What happened after they took off from Lae, on July 2, bound for Howland Island in the Pacific, has forever been a mystery. They got about 800 miles into the flight; they were low on fuel; radio contact sputtered, then they lost contact.
Search efforts began only an hour after the last radio transmissions were received. Ships and airplanes crisscrossed the area for more than two weeks, but no physical evidence of Earhart, Noonan or their airplane was found. Subsequently, husband George Putnam launched a private search effort, to no avail. Amelia Earhart was declared legally dead on January 5, 1939.
Of course we all know that wasn't the end of it, as theories abounded about what happened to the famous female flier, and people are still fascinated even today, 76 years later. The most logical explanation is that the plane ran out of fuel, crashed, and sank without a trace, killing the two fliers. But some researchers believe the duo made it to uninhabited Gardiner Island (now Nikumaroro Island), where they landed safely and survived for some unspecified period of time -- lost to the world like Tom Hanks in Cast Away.
Still others believe that Earhart, who was a friend to Eleanor Roosevelt and knew the president, was spying on war-mongering Japan. They hypothesize that she was captured by the Japanese and met her demise on Saipan Island. An early movie starring Rosalind Russell followed this storyline back in 1943. The latest to advance the theory is Mike Campbell, who published Amelia Earhart: The Truth at Last in 2012.

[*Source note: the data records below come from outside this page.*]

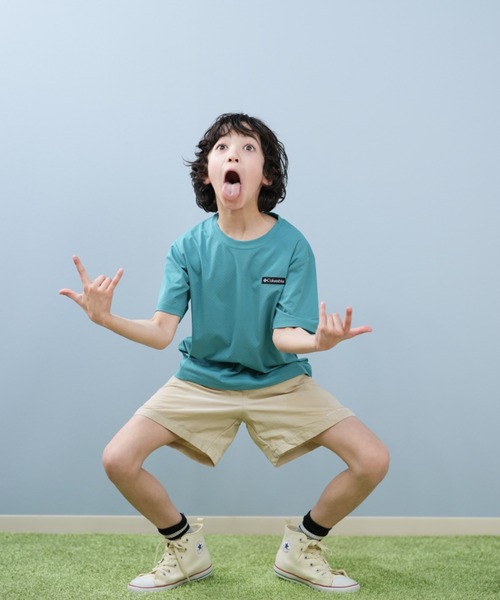 Columbia（コロンビア）の「columbia/コロンビア Y RUM BOWL OFZ GRAPHIC SS キッズ Tシャツ PY1055（Tシャツ/カットソー・キッズ・ブラック/ブルーグリーン/ストーン・M/S/XL/L）」の12枚目の写真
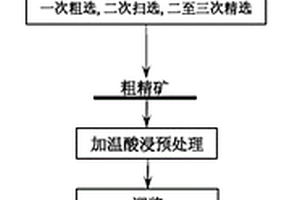 硫化銅鎳-鉑族金屬礦選礦降鎂的方法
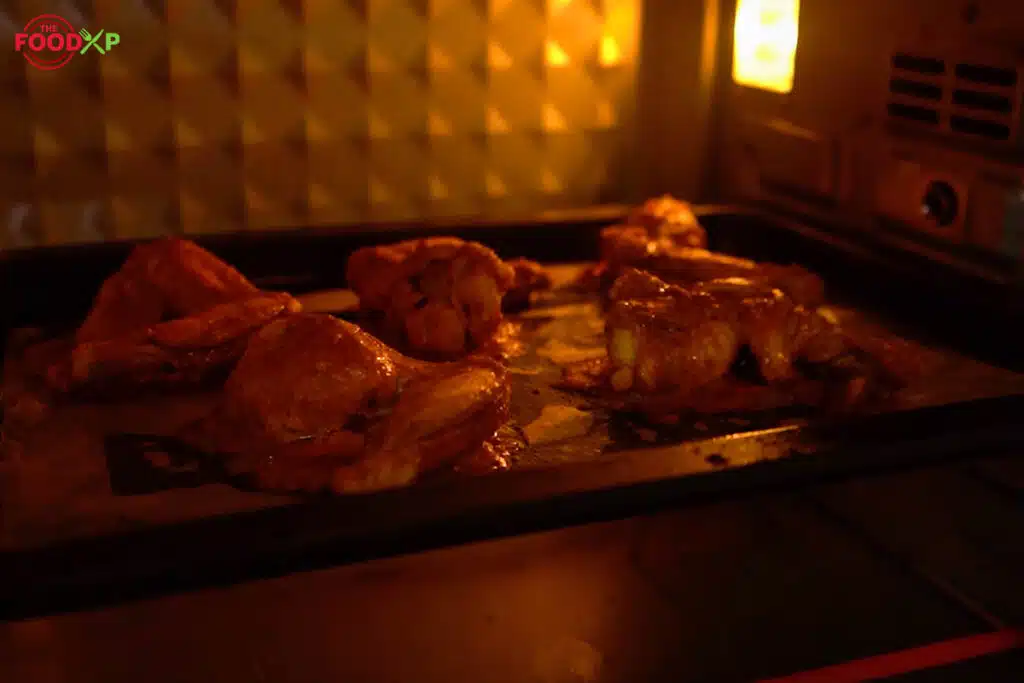 Pizza Hut Buffalo Wings Step 5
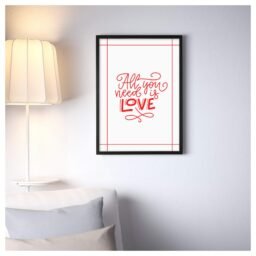 All You Need Is Love A3 frame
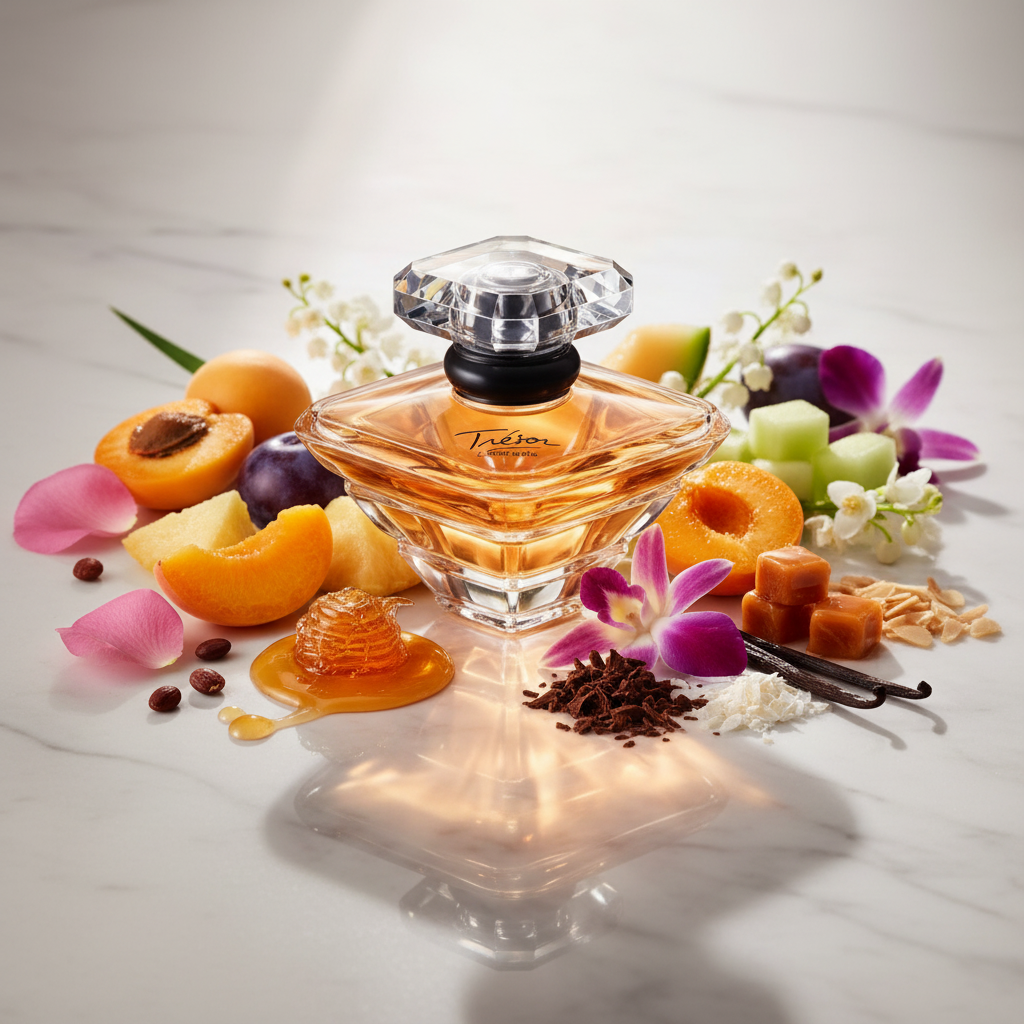 Lancôme Trésor - kaikki nuotit
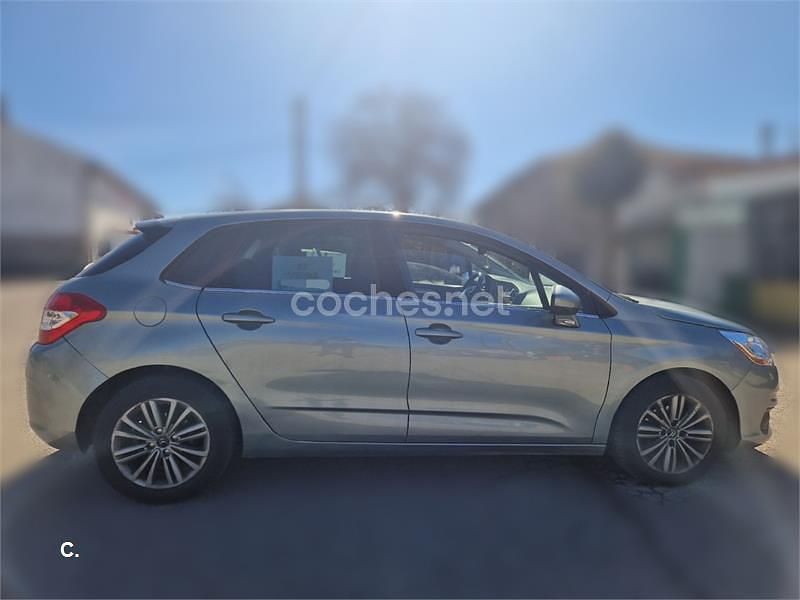 Usado Citroën C4 Seduction 112 CV (82 kW) 2011 Gris / plata Berlina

There was no paucity of other rumors as well. She supposedly took a turn as Tokyo Rose, broadcasting propaganda messages during World War II. She somehow made it home and lived out her life undercover, as a banker in New Jersey.
Your guess is as good as mine . . . unless you have some inside information? But we sure do remember her, and probably will for as long as it takes to find a definitive, conclusive answer to the 20th century's most enduring mystery.